# External Harddrive wont work on mac



## canada391 (Mar 16, 2011)

Well, First off, I am not too bright when it comes to using computers, I have a bit of a short fuse with technology. I have always used a PC in the past. Just recently I switched to Mac. I want to use my external hard drive with my mac but am running into some problems.

The hard drive does show up on the desktop and I can open the folder. however, some stuff used to show up, ie. some folders, some with stuff in them, others just showed up blank. I went to use the hard drive today, and when I open the Hard drive the folder is empty. It does show that 600 gb are used up, but still nothing there! it says the folder is empty!

When I went back to my PC everything was on this hard drive, and yet it still does not show anything (pictures, movies, music etc.) on the mac.
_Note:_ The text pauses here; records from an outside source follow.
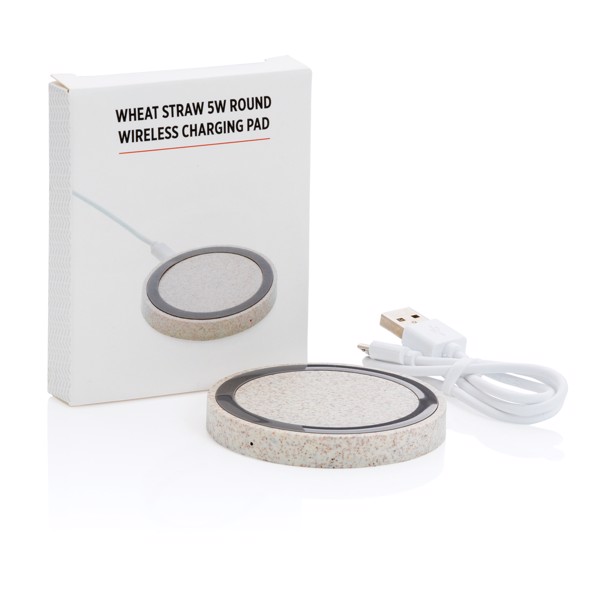 Anvil wireless charger 5W,wheatstraw,Ø70 mm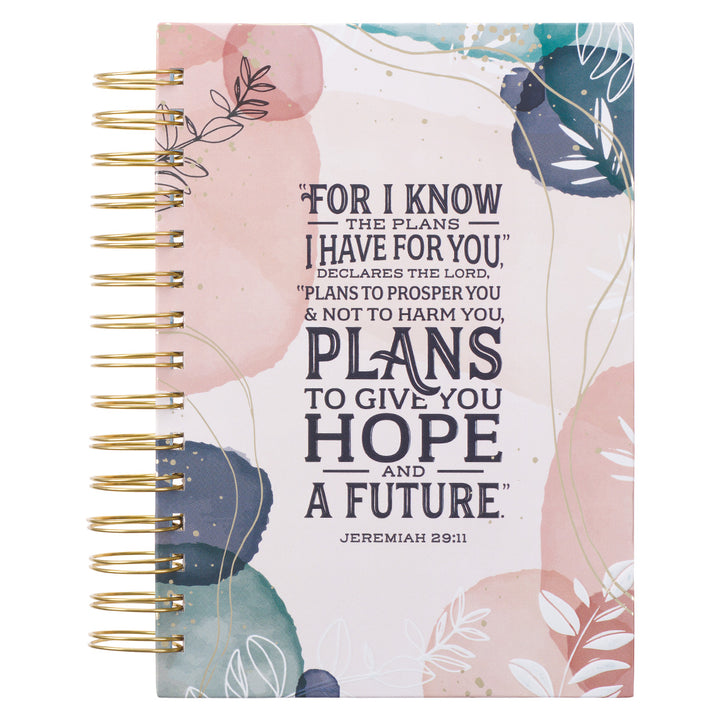 Plans To Give You Hope & A Future Abstract Leaves Large Hardcover Wirebound Journal - Jer 29:11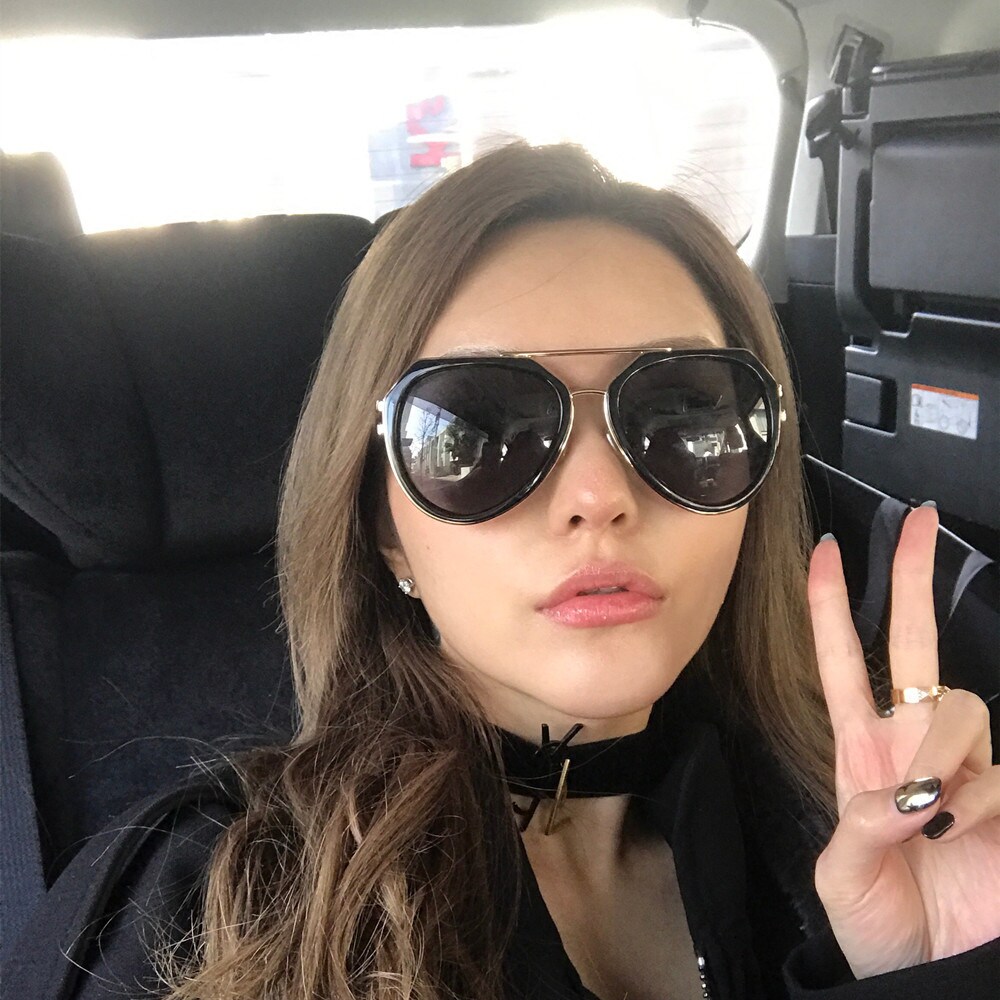 Lin Shanshan Zhou Yangqing Yang Mi same style sunglasses female polarizer myopia sunglasses reflective color film driving glasses tide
I am getting quite frustrated, hopefully someone can help!
Thank you very much, Nathan


----------



## sinclair_tm (Mar 11, 2005)

You just switched to Mac, but are using a PowerBook? Those are rather old. Nice if you have been using Macs for a long time, and still have software for them, but not the best for new Mac users. This is because they are not able to run the current software, and most companies are dropping G4s from supported CPU lists. If I were to wager a guess, your hard drive is a newer one, USB2, and over 200Gb in size, formatted in NTFS. Also, the PowerBook isn't running above 10.3 is it? These added up could be the cause of your issues. Macs and large NTFS drives don't always work together well. They can't write to them at all, just read, plus older Macs had issues with large drives and USB2, especially if the Mac doesn't have USB2 to begin with. If possible, take your hard drive to a local Apple store and plug it into a new Mac and see if it still does it. If so, then there is something funky with the hard drive, like it's using special software in Windows. If not, then I'd upgrade to the newest OS that the PowerBook supports. We'd need to know which model it is to tell you the version to find on ebay.


----------